Так началось великое
сражение. Мэгги оказалась безнадежной, неизлечимой левшой. Сестра Агата вкладывала ей
в правую руку грифель, насильно сгибала пальцы должным образом, а Мэгги
недвижимо сидела над грифельной доской, голова у нее шла кругом, и она, хоть
убейте, не могла постичь, как заставить эту злосчастную руку исполнять
требования сестры Агаты. Она внутренне деревенела, слепла и глохла; бесполезный
придаток –
правая рука – так же мало повиновался
ее мыслям, как пальцы ног. Рука не слушалась, не сгибалась, как надо, и тянула
корявую строку не по доске, а мимо, и, точно парализованная, роняла грифель; и
что бы ни делала сестра Агата, эта правая рука не могла вывести букву «А». А
потом Мэгги потихоньку перекладывала грифель в левую руку и, неловко заслоня
доску локтем, выводила длинный ряд четких, будто отпечатанных прописных «А».

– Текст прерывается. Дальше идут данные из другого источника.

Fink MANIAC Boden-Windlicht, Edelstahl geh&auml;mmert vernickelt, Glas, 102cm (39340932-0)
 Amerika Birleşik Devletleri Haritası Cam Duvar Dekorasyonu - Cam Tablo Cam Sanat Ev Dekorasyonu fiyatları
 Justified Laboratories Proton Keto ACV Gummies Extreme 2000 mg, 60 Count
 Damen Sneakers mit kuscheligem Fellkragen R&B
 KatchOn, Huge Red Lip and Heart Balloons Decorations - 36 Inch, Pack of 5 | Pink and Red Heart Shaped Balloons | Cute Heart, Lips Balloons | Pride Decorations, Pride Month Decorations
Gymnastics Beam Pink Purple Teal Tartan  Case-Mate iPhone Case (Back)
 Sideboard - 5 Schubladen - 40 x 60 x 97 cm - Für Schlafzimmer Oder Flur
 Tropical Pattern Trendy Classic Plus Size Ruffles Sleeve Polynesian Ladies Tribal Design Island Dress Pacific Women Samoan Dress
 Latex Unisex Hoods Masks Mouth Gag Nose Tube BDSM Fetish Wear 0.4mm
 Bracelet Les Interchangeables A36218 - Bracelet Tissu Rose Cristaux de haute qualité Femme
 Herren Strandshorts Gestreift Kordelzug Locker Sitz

Сестра Агата выиграла сражение. Утром до уроков она стала
привязывать левую руку Мэгги к боку и не развязывала до трех часов дня, до
последнего звонка. Даже в большую перемену Мэгги приходилось есть свой завтрак,
ходить по двору, играть, не шевеля левой рукой. Так продолжалось три месяца, и
под конец она научилась писать правой, как того требовали воззрения сестры
Агаты, но почерк у нее навсегда остался неважный. Для верности, чтобы она не
вспомнила прежнюю привычку, левую руку ей привязывали к боку еще два месяца; а
потом сестра Агата собрала учеников на молитву, и вся школа хором
возблагодарила господа, который в премудрости своей направил заблудшую Мэгги на
путь истинный. Все чада господни пользуются правой рукой; левши же – дьяволово семя, тем
более, если они еще и рыжие".
"А я надел пижаму, халат и
свою дикую охотничью шапку и сел писать сочинение.
Беда была в том, что я
никак не мог придумать, про какую комнату или дом можно написать живописно, как
задали Стрэдлейтеру. Вообще я не особенно люблю описывать всякие дома и
комнаты. Я взял и стал описывать бейсбольную рукавицу моего братишки Алли. Эта рукавица
была очень живописная, честное слово. У моего брата, у Алли, была бейсбольная
рукавица на левую руку. Он был левша".